[Opening THE DATA section]
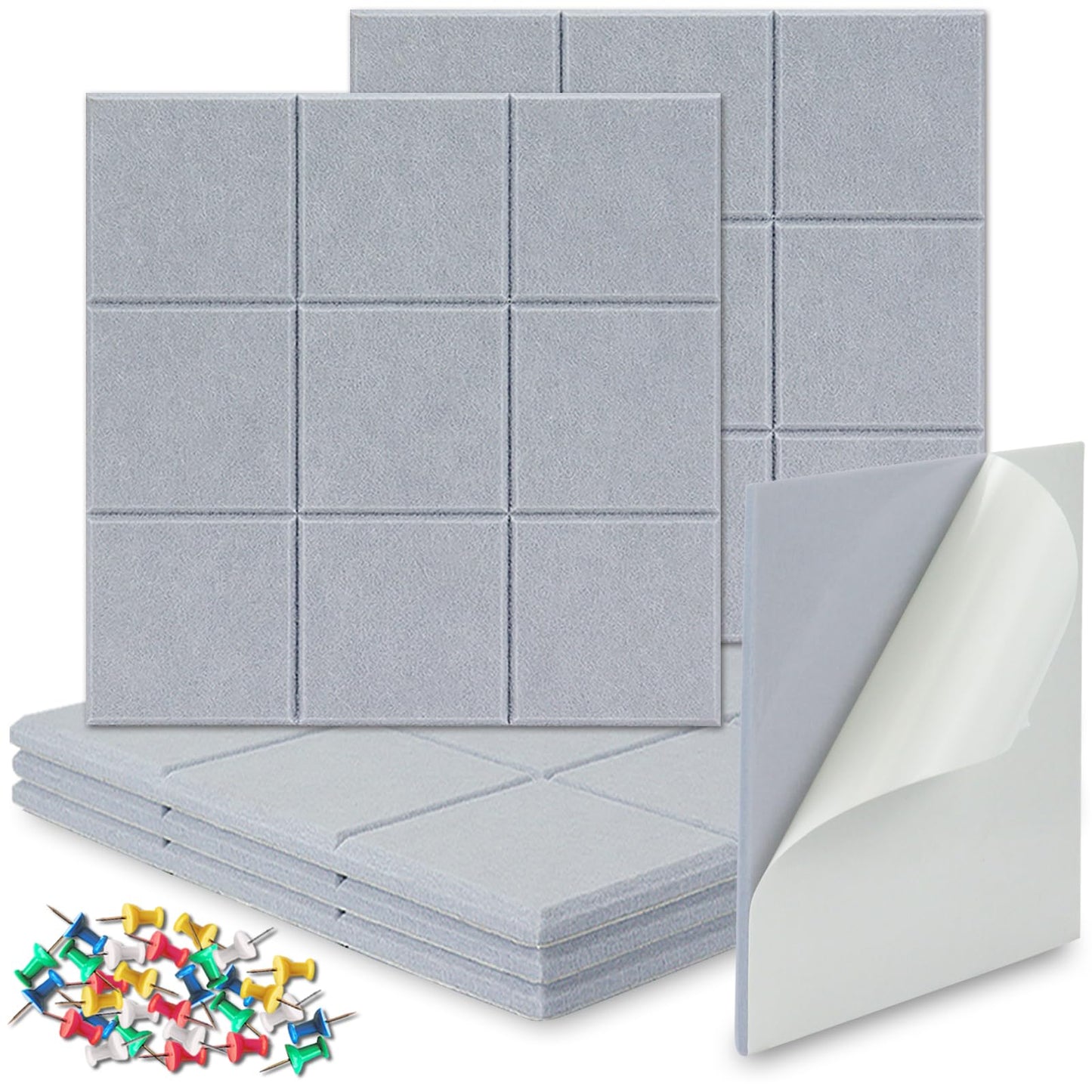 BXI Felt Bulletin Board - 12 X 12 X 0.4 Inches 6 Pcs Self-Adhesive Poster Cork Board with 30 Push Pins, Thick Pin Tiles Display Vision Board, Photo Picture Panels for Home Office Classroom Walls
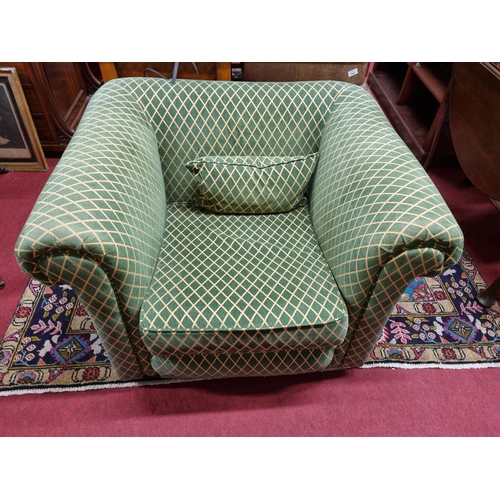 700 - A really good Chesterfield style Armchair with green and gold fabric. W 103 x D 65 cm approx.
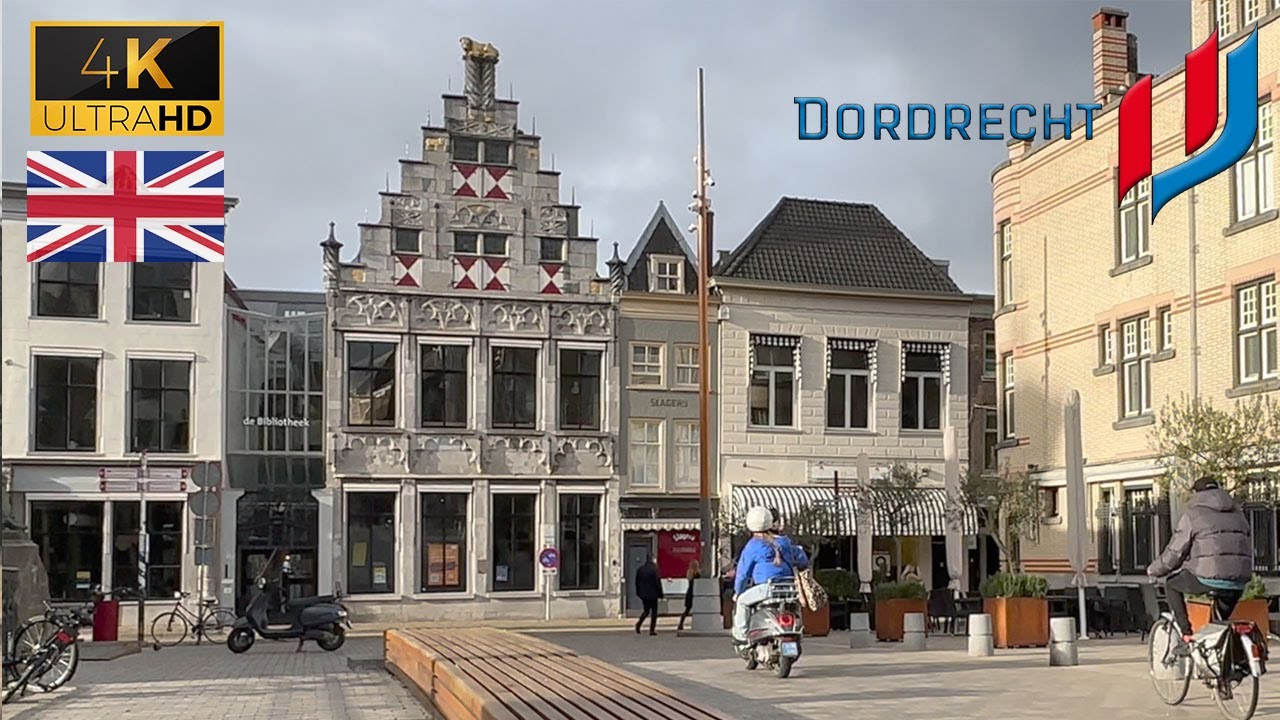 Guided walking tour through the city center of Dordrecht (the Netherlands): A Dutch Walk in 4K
[Closing THE DATA section]
WORK INSTRUCTIONS: Without including any picture, set down the listing above exactly as it appears.

THE ANSWER:
 BXI Felt Bulletin Board - 12 X 12 X 0.4 Inches 6 Pcs Self-Adhesive Poster Cork Board with 30 Push Pins, Thick Pin Tiles Display Vision Board, Photo Picture Panels for Home Office Classroom Walls
 700 - A really good Chesterfield style Armchair with green and gold fabric. W 103 x D 65 cm approx.
 Guided walking tour through the city center of Dordrecht (the Netherlands): A Dutch Walk in 4K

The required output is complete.